■ YOUR ASSIGNMENT: Copy, with no pictures, the line that contains "eine Lobby mit" and each line after it down to the end of the entries below, exactly.

(Brief descriptive captions)
※

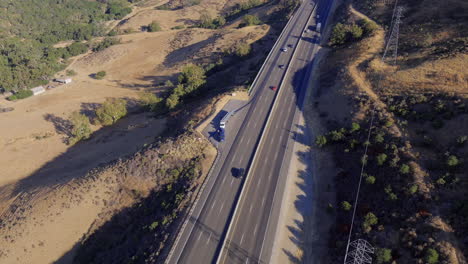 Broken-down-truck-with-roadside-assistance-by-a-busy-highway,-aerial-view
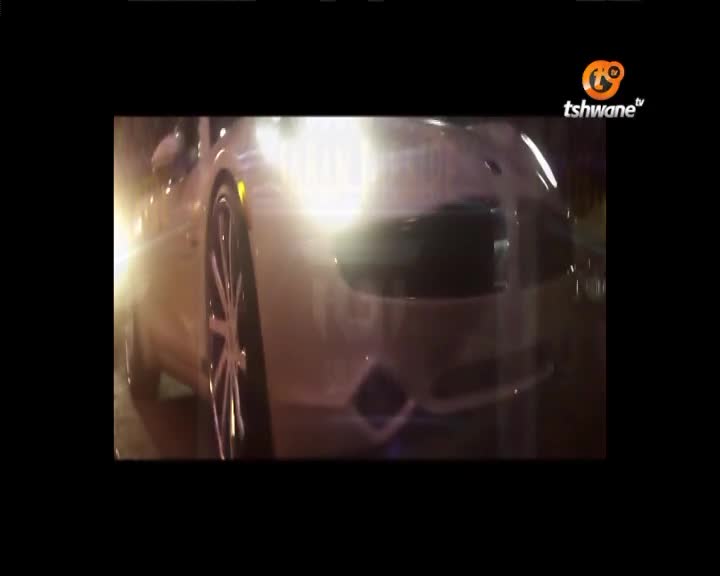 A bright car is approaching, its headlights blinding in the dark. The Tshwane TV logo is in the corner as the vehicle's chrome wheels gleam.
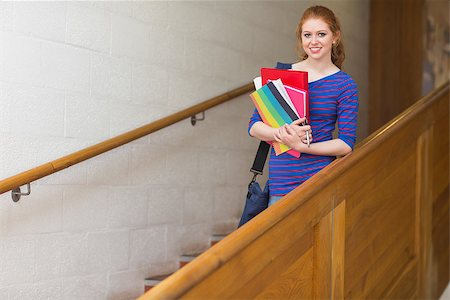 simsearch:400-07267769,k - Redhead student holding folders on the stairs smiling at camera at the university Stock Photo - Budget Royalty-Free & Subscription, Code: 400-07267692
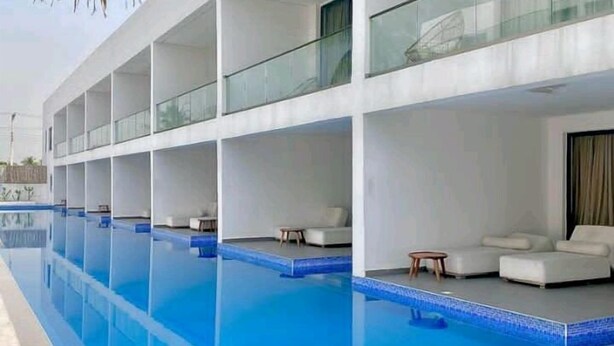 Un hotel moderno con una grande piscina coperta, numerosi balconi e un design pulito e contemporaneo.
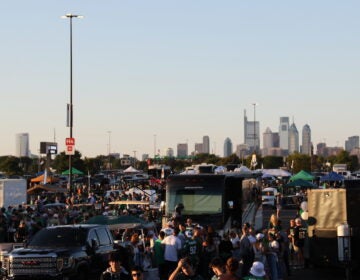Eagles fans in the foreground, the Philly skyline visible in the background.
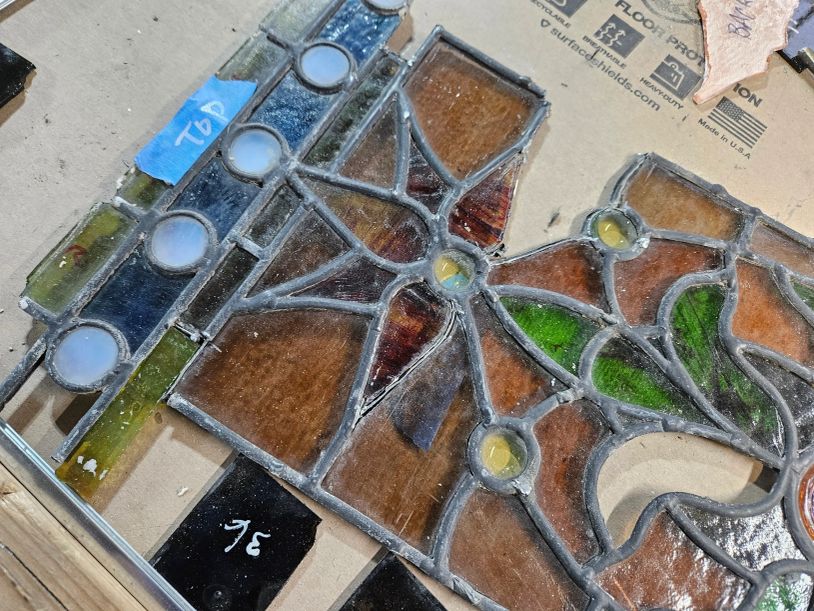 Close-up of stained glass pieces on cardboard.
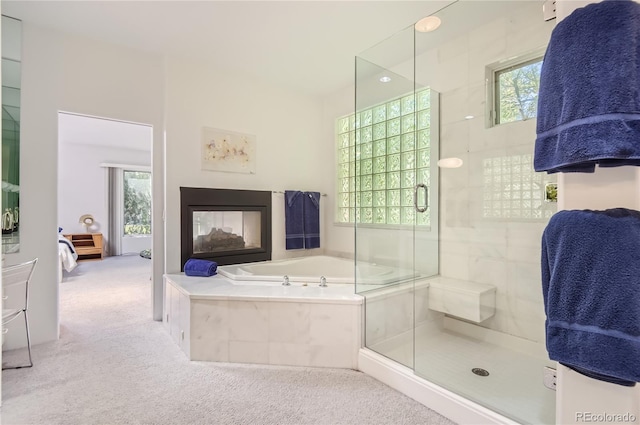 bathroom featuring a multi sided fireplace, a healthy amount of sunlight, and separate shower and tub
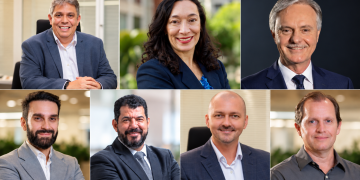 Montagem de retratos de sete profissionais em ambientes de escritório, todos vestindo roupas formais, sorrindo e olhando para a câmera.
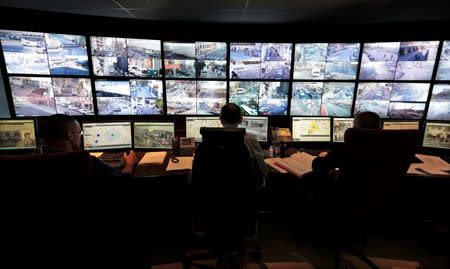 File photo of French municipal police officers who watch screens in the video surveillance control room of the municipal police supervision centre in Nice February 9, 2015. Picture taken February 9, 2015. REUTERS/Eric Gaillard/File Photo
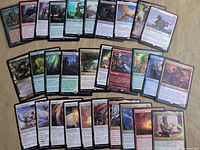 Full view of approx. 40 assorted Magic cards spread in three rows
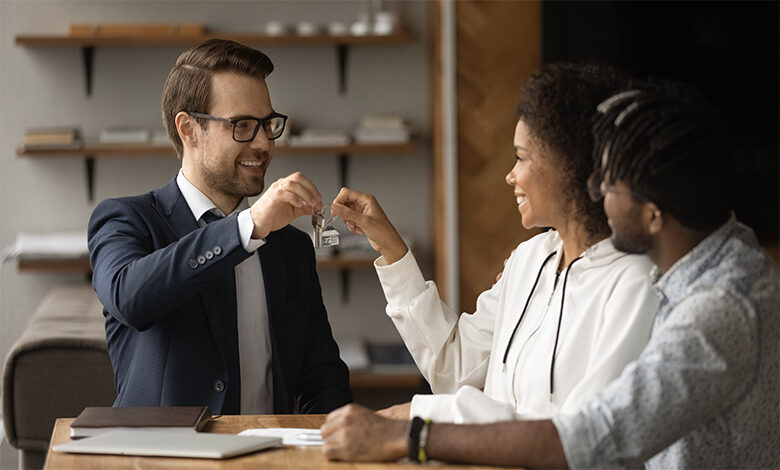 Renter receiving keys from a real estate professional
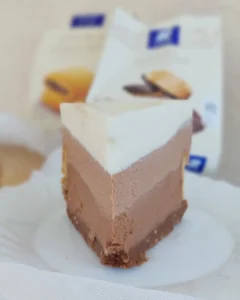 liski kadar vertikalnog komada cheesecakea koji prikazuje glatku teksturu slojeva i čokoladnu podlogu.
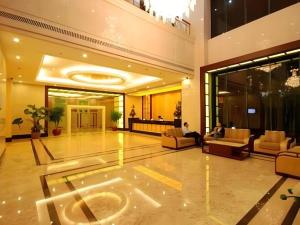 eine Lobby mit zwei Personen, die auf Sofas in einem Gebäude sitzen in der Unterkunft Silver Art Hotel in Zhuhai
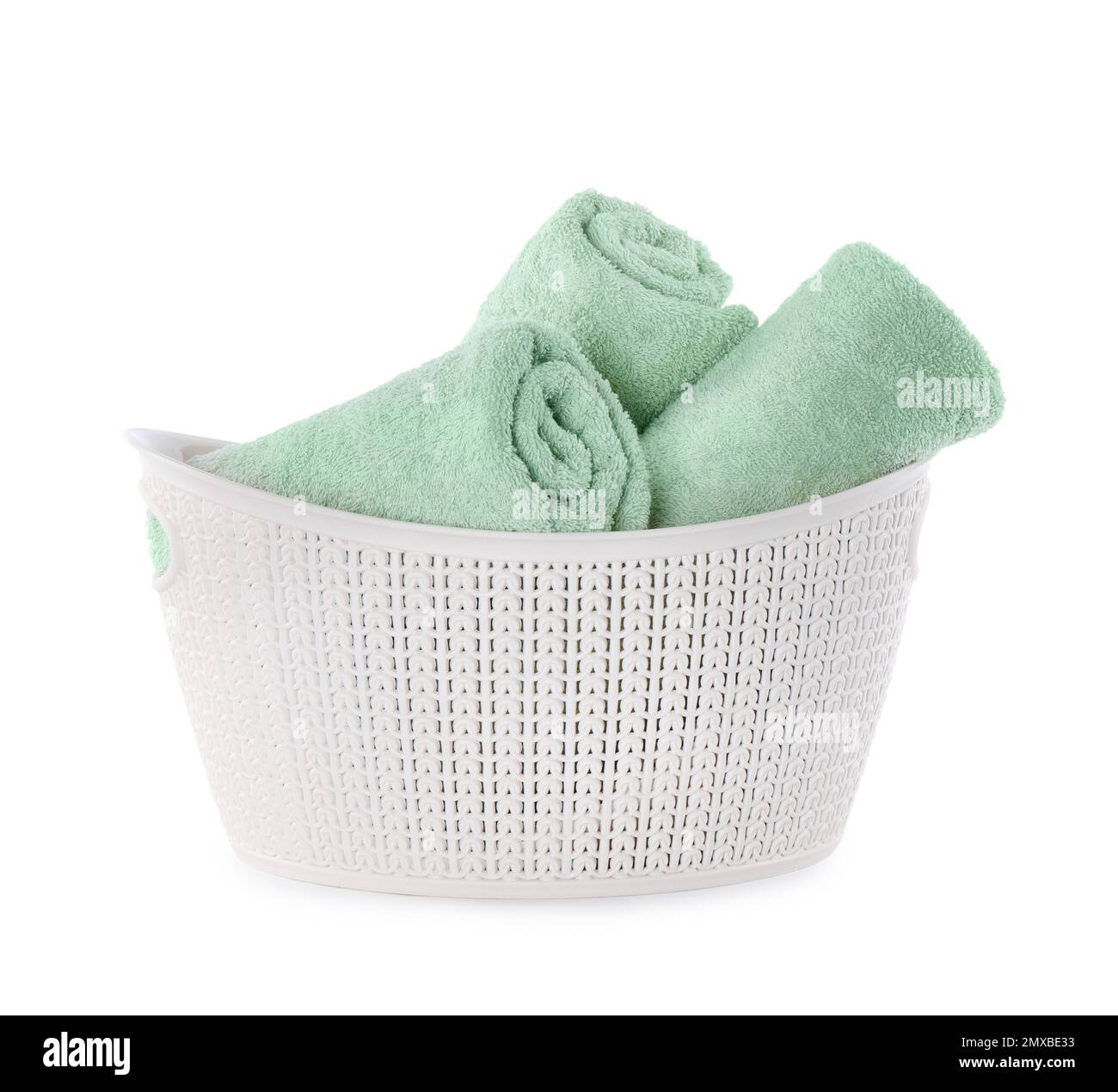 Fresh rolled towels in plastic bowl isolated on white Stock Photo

※

■ EXPECTED ANSWER:
 eine Lobby mit zwei Personen, die auf Sofas in einem Gebäude sitzen in der Unterkunft Silver Art Hotel in Zhuhai
 Fresh rolled towels in plastic bowl isolated on white Stock Photo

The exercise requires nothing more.